◆ EXERCISE REQUIREMENTS ◆
Please give back each line below unchanged; none of the pictures should appear.

++++++++++++++++++++

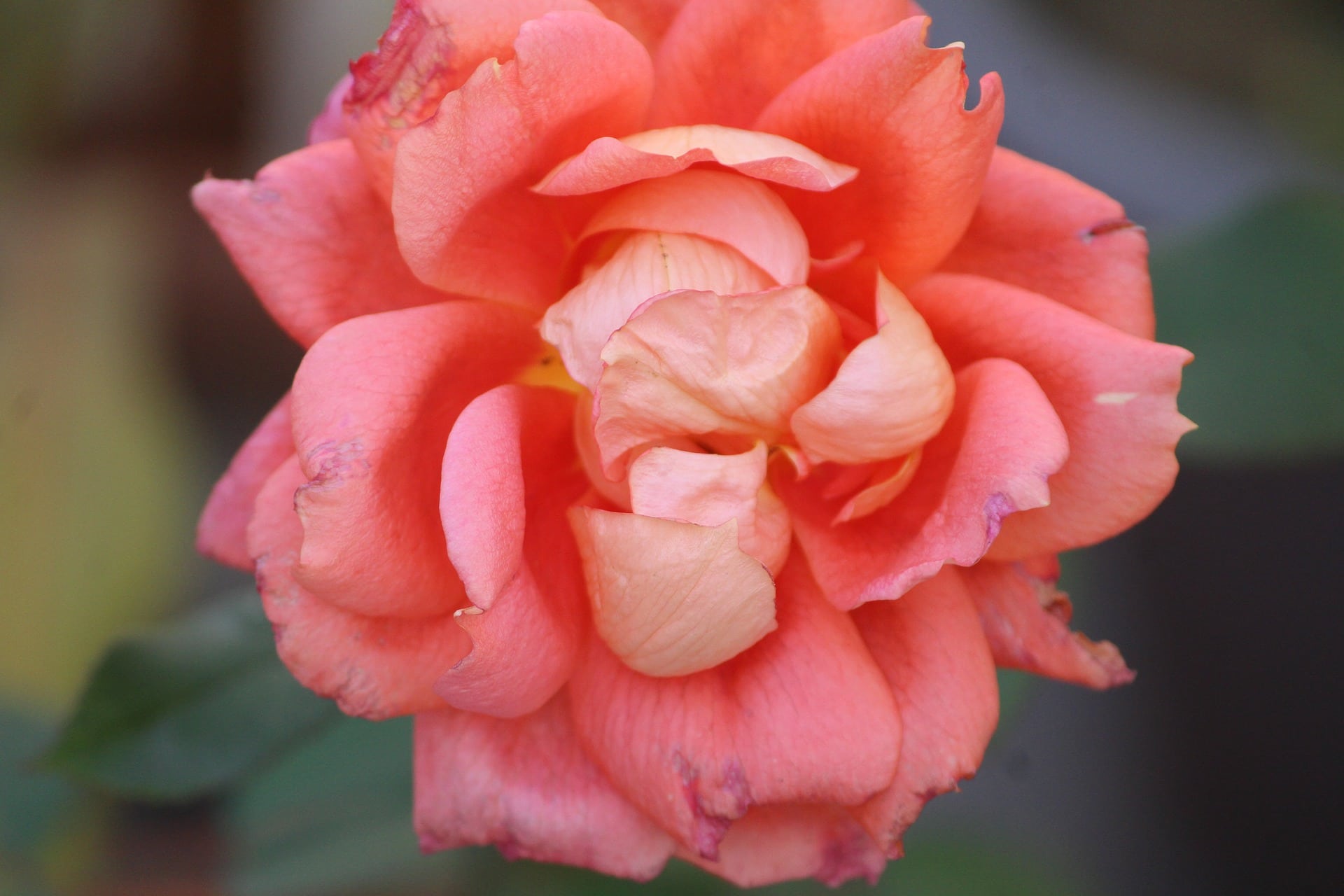 Centifolia Roses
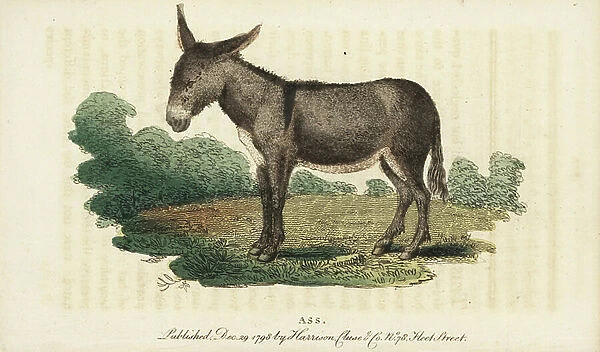 Asse or donkey, Equus africanus asinus. Handcoloured copperplate engraving from ' The Naturalist's Pocket Magazine, ' Harrison, London, 1798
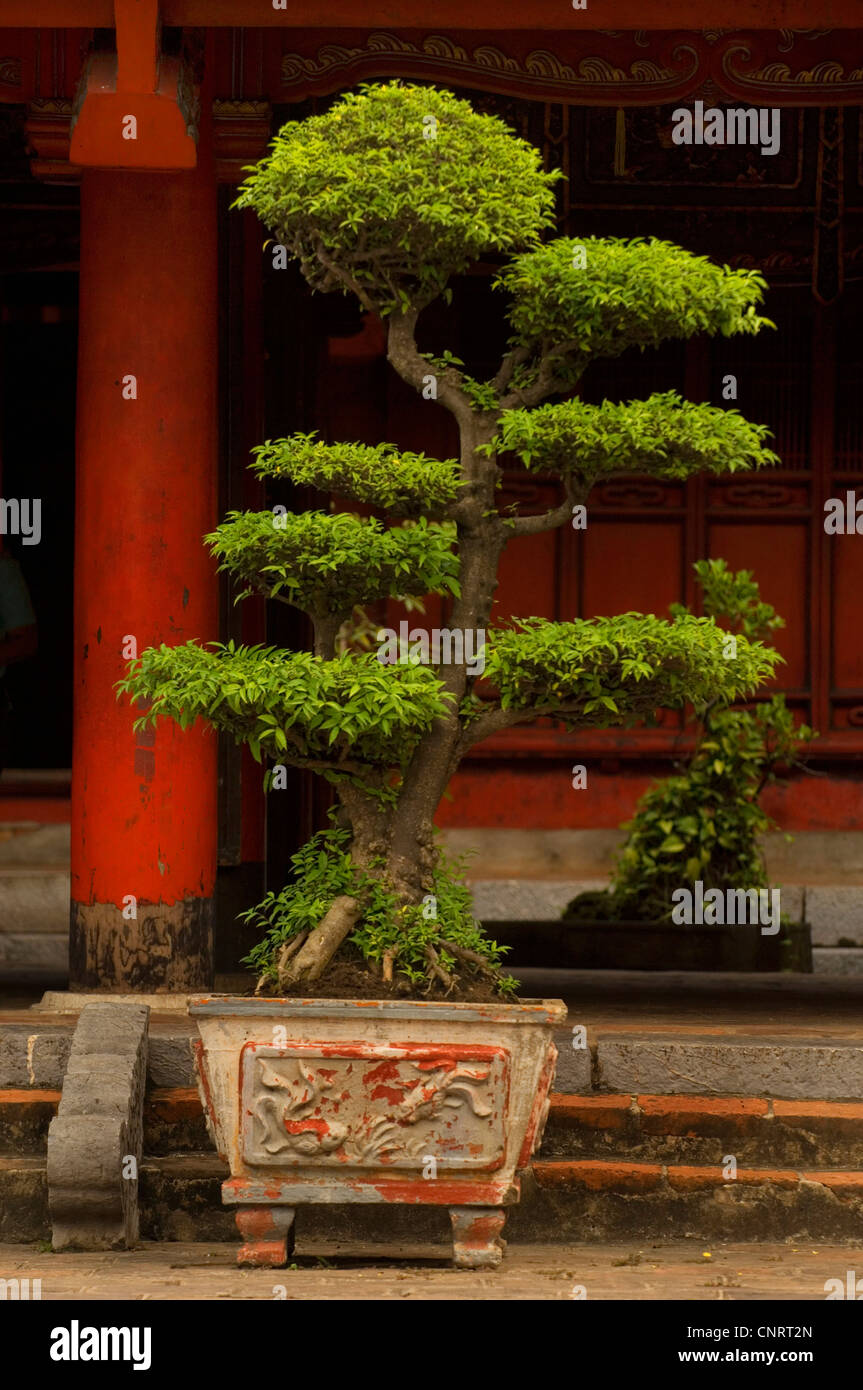 Premium Photo  Banzai tree in front of a bricks wall and a chinese window  in hanoï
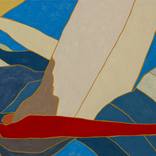 Swell by Sarah Karp Brown
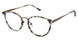 RACHEL Roy Splendid Eyeglasses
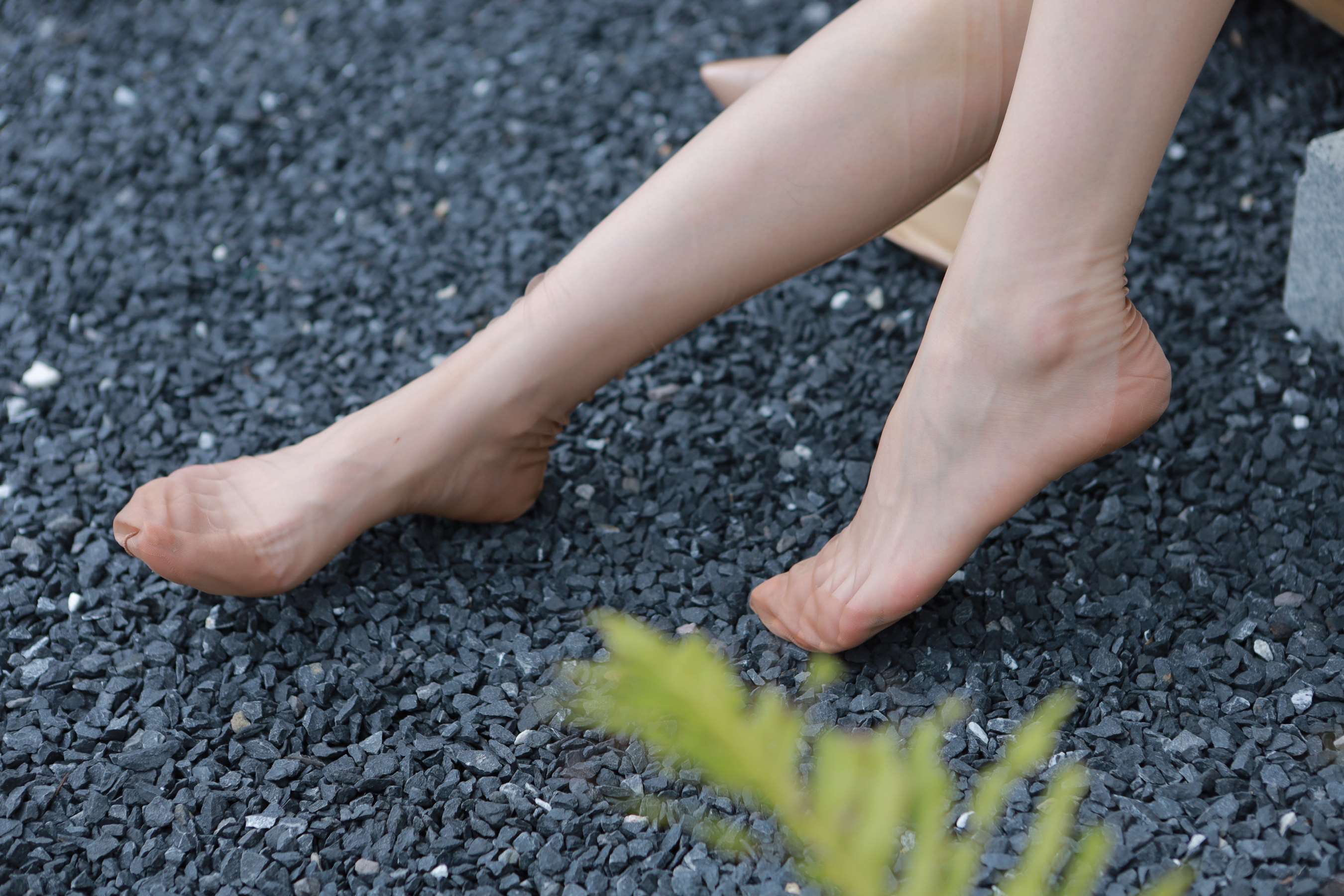 《Sia 庭园春梦》作品图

++++++++++++++++++++

◆ EXPECTED ANSWER ◆
 Centifolia Roses
 Asse or donkey, Equus africanus asinus. Handcoloured copperplate engraving from ' The Naturalist's Pocket Magazine, ' Harrison, London, 1798
 Premium Photo  Banzai tree in front of a bricks wall and a chinese window  in hanoï
 Swell by Sarah Karp Brown
 RACHEL Roy Splendid Eyeglasses
 《Sia 庭园春梦》作品图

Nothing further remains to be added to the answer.